Del McCoury Band performs Thursday, June 15, at the 50th Annual Telluride Bluegrass Festival.

“Festivals and musical trends come and go, and acoustic music has been through some serious peaks and valleys the last 50 years,” says Chris “Panda” Pandolfi, banjo player for Telluride regulars The Infamous Stringdusters, who were on this year’s lineup. “The one mainstay throughout has been Telluride Bluegrass Festival. When we started out, Telluride was the place to be and the definitive crossroads we aspired to, and it still is. Lasting 50 years is an amazing testament to its importance. Bluegrass is more popular than ever now, and Telluride is a big part of that.”

There are literally hundreds of music festivals spanning every style imaginable nowadays, including massive annual gatherings like Bonnaroo in Tennessee and Coachella in the California desert. But there were just a small handful of festivals when Telluride Bluegrass Festival started up in 1973 in the scenic Colorado mountain town that bears its name. And even though Telluride’s daily capacity of 10,000 fans is significantly smaller than a lot of the other major festivals on the circuit, it has still maintained its prestige status.

A drone shot of the festival grounds of Telluride Bluegrass Festival.

In spite of that smaller size, Telluride does have a few structural advantages that set it apart. One is a picturesque setting of surpassing natural beauty on the western edge of Southwestern Colorado’s San Juan Mountains. For performers as well as attendees, there’s not a better view anywhere than what you see at Telluride.

“The view from the crowd is amazing, but from the stage it’s the most incredible view imaginable as an artist,” says Pandolfi. “It’s this multi-layered inspirational snapshot of some of the best music fans, at the best-run festival, in the most beautiful environment in the world.
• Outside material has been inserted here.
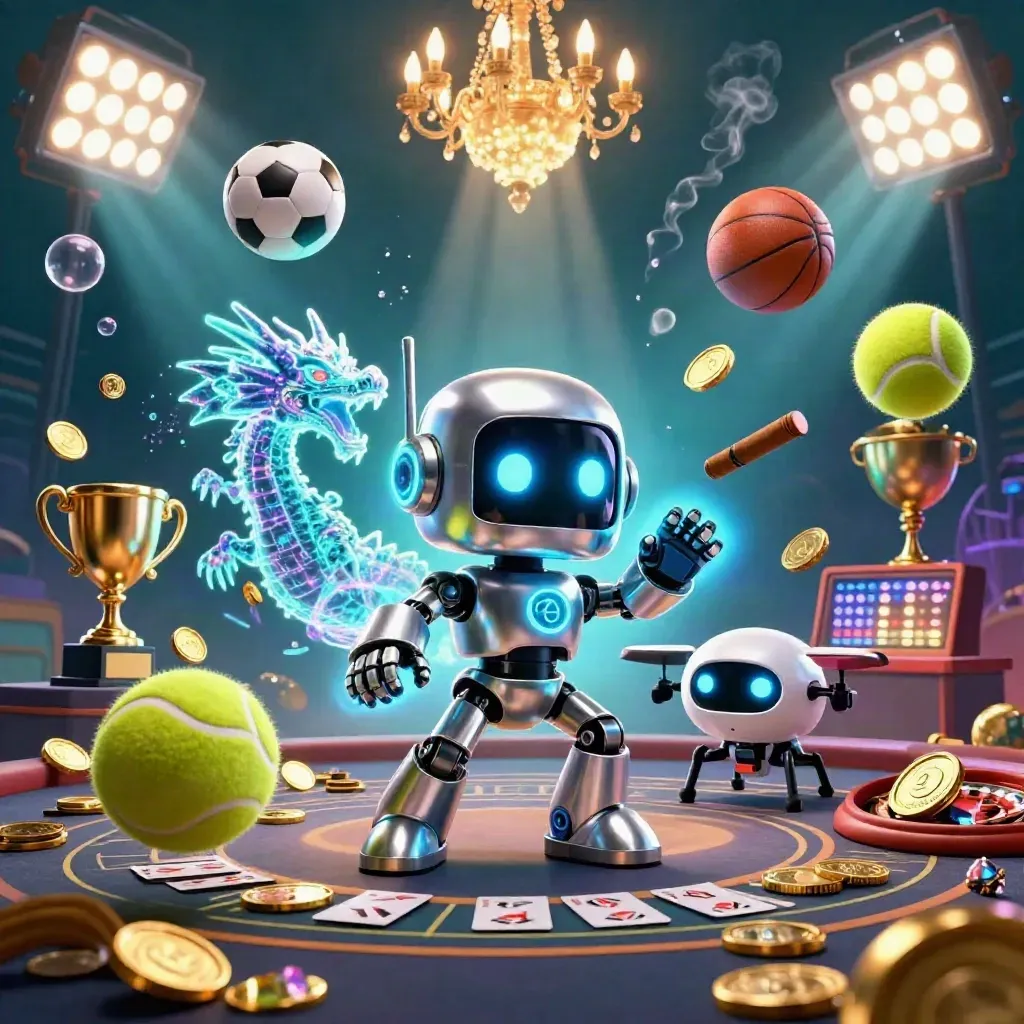 Cyberpunk robot, AI dragon and drone amid casino luxuries, coins, trophy, underwater glow.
I think a lot of people have this experience, knowing of Telluride as this iconic festival with an outsized reputation, but it more than lives up to the hype. First time we played there, I remember feeling intimidated because so many heavy-weight players we looked up to were there. But as soon as we got onstage, everything clicked.”

Yasmin Williams performs on Telluride Bluegrass Festival’s main stage – its sole stage.

Another major difference between Telluride and its festival peers is scale, and not just in terms of the size of the crowds. Most festivals cram as many performers onto as many stages as possible, all of them running simultaneously, resulting in sensory overload as well as the fear that you’re missing out on something elsewhere. By contrast, Telluride still has just one stage. Every act gets a solo spotlight at Telluride.

“Every year’s festival lineup is an interesting thing,” says Craig Ferguson, who oversees Telluride Bluegrass Festival under the auspices of Planet Bluegrass. “I’ve always said, just watch and it will book itself, and that’s really true. Our process is unique because we have just the one stage and not a bunch of bands, so everybody in the crowd gets to have the same experience. There’s not 18 different stages, so we can create one festivarian experience that everyone shares. We do the booking one act at a time, and we often wind up with interesting combinations.”

Robert Plant & Alison Krauss perform at Telluride Bluegrass Festival.

Indeed, those interesting combinations can venture well beyond what you see at a typical folk or bluegrass festival. Along with Sam Bush, Emmylou Harris, Peter Rowan, Del McCoury and The Infamous Stringdusters doing a Sunday morning gospel set, this year’s lineup features ringers like the West African ngoni master Bassekou Koyate and the venerable jam band String Cheese Incident. Some of the anomalous acts from previous years include pop-star jazz pianist Norah Jones, the comedic folk duo Tenacious D and even singer/rapper/actress Janelle Monae. Even with the unlikely acts, the Telluride experience sells itself. It doesn’t take much convincing to get any artist to play.

“Janelle Monae was the most interesting person to talk to,” Ferguson says. “I snuck into her RV just as she was sitting down to a meal by herself, and I was able to sit and talk to her for an hour. I think she would’ve signed up to play every year if she could have, she was so enthralled by the fact that there were elk in the park. It was the most wonderful conversation, and she was great. We’re famous for our curveballs and she was the oddest, I’ll give you that.”

BGS’s own Ed Helms with Sam Bush and Jerry Douglas at Telluride Bluegrass Festival.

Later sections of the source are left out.